There are a couple of recently published books on lingerie and related scandalous underthings, but when I looked at them, I noticed a real lack of any delicacy and, well, cleverness in the stitches used and in the weights and textures. Everything seemed to be in stockinette stitch, which is the average stitch used in a sweater, and were made with mid-weight yarn and large needles. Now, pardon me, but, while I adore my concealing yet fashionable warm outerwear, I don't wear it to feel particularly slutty or exhibitionistic. When thinking about knitted lingerie, I imagined mysterious and complicated lace patterns that allow one to catch forbidden glimpses of skin underneath before the fabric shifts, making one wonder if one saw anything at all, all knit on tiny needles using thin, seemingly fragile yarn that is deceptively strong engough to withstand some good use. It would have to drape and have enough structure to stay put without having too much heft. In one particular book, the items depicted all looked as though they were made for Soviet brides before the Cold War ended and all the yarn anyone could get was wool from the Steppes and so the bra sets and peignoirs look as though they could be used as body armor in case the wearer got got in a stray gun fight with NATO forces. I know the authors were going for garments in the STYLE of lingerie, but the camisoles that "could be worn under a suit or nothing at all!" look as though they'd keep you warm through the cold, New England winter, with their ribbed edges and obvious lack of any kind of lingerie-like elements. Where's the lace? Where's the sense that the garment could be ripped off at any second? Sheesh, folks, I understand that we all like to think that we own pieces of clothing we can wear with everything, but a nightie that looks like the sweater I'm knitting for Christian isn't lingerie, no matter how low you make the back.

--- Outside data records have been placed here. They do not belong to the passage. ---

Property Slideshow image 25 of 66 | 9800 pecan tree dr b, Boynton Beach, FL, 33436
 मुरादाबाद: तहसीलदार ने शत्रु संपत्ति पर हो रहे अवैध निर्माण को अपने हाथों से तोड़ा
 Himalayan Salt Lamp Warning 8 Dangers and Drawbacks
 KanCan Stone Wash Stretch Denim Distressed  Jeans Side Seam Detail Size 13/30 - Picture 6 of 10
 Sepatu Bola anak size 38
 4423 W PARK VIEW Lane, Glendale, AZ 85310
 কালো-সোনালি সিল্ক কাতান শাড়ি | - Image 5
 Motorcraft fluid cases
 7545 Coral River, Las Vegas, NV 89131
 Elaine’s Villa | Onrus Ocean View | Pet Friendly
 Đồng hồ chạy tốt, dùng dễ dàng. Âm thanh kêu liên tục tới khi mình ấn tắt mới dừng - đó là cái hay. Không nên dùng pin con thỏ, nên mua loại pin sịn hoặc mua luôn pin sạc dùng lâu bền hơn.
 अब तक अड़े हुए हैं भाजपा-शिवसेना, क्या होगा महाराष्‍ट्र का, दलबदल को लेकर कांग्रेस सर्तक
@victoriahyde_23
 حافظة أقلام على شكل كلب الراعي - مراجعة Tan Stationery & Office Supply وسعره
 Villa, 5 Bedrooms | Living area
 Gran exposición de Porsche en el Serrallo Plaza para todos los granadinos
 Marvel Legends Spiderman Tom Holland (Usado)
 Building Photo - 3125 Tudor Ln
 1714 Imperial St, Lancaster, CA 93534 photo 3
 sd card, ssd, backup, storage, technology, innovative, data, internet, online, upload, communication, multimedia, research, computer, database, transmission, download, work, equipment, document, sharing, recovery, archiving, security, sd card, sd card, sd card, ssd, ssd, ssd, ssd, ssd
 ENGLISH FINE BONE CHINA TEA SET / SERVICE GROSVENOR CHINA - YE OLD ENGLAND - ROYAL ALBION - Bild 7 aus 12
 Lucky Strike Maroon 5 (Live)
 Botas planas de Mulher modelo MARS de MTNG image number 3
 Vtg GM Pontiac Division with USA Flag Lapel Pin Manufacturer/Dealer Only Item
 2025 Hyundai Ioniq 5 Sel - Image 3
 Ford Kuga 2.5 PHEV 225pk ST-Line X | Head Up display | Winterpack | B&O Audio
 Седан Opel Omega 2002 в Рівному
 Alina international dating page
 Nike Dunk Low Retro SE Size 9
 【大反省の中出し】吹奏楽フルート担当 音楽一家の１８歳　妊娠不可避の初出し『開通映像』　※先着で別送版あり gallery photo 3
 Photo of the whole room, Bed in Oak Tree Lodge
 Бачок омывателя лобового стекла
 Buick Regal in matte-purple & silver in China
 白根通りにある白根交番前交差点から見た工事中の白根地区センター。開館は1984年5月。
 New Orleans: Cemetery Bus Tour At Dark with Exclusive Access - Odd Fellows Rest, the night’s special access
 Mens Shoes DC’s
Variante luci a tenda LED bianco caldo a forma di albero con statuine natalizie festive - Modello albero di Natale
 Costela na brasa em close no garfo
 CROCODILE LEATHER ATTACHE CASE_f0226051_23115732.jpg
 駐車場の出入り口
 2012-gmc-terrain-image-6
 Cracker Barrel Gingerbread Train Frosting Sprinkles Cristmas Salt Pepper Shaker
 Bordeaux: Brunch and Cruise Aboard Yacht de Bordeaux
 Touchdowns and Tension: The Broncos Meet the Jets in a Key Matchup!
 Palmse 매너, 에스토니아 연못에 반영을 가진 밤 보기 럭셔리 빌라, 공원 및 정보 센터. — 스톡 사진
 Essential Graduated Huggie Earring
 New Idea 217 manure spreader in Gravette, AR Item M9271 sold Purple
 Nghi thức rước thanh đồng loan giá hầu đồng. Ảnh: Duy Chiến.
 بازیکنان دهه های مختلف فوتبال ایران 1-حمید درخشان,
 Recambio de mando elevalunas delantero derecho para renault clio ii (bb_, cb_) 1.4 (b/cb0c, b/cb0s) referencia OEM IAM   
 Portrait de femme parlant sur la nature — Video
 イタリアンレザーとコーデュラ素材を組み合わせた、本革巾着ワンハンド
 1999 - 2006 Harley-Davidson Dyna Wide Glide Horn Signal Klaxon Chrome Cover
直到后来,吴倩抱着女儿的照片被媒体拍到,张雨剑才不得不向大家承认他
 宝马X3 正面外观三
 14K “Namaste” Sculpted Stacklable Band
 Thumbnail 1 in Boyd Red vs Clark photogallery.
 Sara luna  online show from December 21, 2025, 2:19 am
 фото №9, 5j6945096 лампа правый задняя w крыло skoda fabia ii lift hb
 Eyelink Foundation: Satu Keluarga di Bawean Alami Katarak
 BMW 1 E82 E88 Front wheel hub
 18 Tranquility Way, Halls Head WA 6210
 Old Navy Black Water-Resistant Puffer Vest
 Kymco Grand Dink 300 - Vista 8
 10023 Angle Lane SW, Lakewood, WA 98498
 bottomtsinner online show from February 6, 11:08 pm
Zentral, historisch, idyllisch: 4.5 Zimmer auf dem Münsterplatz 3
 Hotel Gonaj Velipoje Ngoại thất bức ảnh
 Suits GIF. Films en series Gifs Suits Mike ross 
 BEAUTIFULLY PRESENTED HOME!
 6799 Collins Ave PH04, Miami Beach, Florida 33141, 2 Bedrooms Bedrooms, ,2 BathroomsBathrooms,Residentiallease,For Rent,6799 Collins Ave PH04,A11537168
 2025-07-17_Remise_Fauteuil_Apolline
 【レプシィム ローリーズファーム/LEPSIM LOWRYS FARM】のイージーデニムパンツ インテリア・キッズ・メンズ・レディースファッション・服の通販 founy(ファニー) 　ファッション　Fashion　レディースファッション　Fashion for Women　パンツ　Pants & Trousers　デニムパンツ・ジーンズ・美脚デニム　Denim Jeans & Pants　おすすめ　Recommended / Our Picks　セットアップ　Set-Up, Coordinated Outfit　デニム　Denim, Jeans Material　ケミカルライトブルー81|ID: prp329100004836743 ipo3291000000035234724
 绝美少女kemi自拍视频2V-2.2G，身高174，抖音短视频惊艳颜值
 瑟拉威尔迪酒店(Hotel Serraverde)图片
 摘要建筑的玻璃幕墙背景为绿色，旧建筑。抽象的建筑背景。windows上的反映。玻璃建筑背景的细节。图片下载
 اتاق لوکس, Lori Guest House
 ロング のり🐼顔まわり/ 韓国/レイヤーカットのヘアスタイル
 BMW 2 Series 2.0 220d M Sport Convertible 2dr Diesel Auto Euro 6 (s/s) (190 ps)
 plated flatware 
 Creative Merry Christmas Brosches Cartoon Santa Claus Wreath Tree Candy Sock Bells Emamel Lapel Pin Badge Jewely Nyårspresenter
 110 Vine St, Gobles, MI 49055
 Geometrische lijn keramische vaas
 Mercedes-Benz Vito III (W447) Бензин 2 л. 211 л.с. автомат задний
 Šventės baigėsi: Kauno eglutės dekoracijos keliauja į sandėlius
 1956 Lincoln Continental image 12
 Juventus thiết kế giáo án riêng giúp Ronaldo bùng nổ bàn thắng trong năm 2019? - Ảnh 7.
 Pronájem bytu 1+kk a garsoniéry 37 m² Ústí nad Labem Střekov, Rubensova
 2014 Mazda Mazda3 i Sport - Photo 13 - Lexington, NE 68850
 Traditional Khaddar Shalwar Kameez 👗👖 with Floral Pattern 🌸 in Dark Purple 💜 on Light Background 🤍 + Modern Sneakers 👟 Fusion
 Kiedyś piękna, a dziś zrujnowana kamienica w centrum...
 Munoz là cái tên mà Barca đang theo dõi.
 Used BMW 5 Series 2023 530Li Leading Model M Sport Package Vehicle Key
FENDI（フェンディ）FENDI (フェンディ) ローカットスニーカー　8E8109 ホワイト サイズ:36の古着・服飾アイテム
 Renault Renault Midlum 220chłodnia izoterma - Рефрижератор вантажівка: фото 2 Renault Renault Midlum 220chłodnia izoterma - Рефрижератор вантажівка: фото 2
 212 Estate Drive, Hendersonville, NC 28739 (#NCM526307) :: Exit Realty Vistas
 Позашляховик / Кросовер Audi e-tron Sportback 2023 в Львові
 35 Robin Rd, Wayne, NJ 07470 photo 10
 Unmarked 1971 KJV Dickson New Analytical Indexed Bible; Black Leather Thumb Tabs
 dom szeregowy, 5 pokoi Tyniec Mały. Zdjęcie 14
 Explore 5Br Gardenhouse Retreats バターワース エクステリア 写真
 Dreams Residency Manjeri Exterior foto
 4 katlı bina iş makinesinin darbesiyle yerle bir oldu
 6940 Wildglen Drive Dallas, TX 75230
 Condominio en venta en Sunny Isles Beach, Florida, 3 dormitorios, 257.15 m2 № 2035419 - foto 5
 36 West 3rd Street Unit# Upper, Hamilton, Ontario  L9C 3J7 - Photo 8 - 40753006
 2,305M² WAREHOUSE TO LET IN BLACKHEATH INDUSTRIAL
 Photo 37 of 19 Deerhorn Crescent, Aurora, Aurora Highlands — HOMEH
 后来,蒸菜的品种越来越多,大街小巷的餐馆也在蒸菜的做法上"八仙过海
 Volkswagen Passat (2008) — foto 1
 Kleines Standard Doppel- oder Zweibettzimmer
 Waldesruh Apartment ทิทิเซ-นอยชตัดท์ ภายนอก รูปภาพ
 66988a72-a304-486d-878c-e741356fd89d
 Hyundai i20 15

I only found one piece in a magazine aimed at the young, hip knitting audience that will work for the intended purpose. It's a knitted lace sheath that looks like a flapper dress and will be given to my friend who recently completed her Burlesque course. I did have this glorious notion of knitting delicious and inspiring underthings for all my friends' birthdays and such, but to do so, I'll now have to turn my hand to designing, as well. The stuff I've seen wouldn't inspire anything but a cross-country snowshoeing jaunt.